| WORK REQUEST |
Within the material below, locate the line with "CARROT CAKE MADE IN CLEM'S" and the line with "Творческие работы к 8 Марта", then return those two lines and all lines between them, exactly as written.
————————
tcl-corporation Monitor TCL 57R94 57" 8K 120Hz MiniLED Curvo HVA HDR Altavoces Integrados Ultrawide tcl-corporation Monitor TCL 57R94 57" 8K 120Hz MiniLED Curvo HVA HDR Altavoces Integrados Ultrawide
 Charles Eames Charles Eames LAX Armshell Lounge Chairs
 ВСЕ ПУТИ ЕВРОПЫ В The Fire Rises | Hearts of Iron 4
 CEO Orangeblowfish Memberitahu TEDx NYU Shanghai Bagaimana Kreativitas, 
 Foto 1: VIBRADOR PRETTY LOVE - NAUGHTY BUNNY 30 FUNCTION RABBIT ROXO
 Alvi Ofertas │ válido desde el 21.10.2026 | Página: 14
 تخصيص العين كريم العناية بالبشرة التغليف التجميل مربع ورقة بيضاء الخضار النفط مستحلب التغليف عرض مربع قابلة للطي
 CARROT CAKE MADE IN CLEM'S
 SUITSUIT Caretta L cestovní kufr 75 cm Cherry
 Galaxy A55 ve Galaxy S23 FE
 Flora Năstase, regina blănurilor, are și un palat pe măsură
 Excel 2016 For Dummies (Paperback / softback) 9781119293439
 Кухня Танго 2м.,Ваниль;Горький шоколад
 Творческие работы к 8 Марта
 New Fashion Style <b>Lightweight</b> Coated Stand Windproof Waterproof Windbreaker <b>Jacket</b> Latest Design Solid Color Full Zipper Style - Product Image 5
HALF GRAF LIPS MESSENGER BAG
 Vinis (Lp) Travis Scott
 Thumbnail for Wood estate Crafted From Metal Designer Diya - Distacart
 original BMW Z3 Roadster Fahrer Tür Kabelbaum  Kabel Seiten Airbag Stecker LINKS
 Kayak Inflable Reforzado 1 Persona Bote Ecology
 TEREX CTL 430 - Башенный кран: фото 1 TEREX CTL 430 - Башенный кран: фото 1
————————
| RESULT OF THIS TASK |
 CARROT CAKE MADE IN CLEM'S
 SUITSUIT Caretta L cestovní kufr 75 cm Cherry
 Galaxy A55 ve Galaxy S23 FE
 Flora Năstase, regina blănurilor, are și un palat pe măsură
 Excel 2016 For Dummies (Paperback / softback) 9781119293439
 Кухня Танго 2м.,Ваниль;Горький шоколад
 Творческие работы к 8 Марта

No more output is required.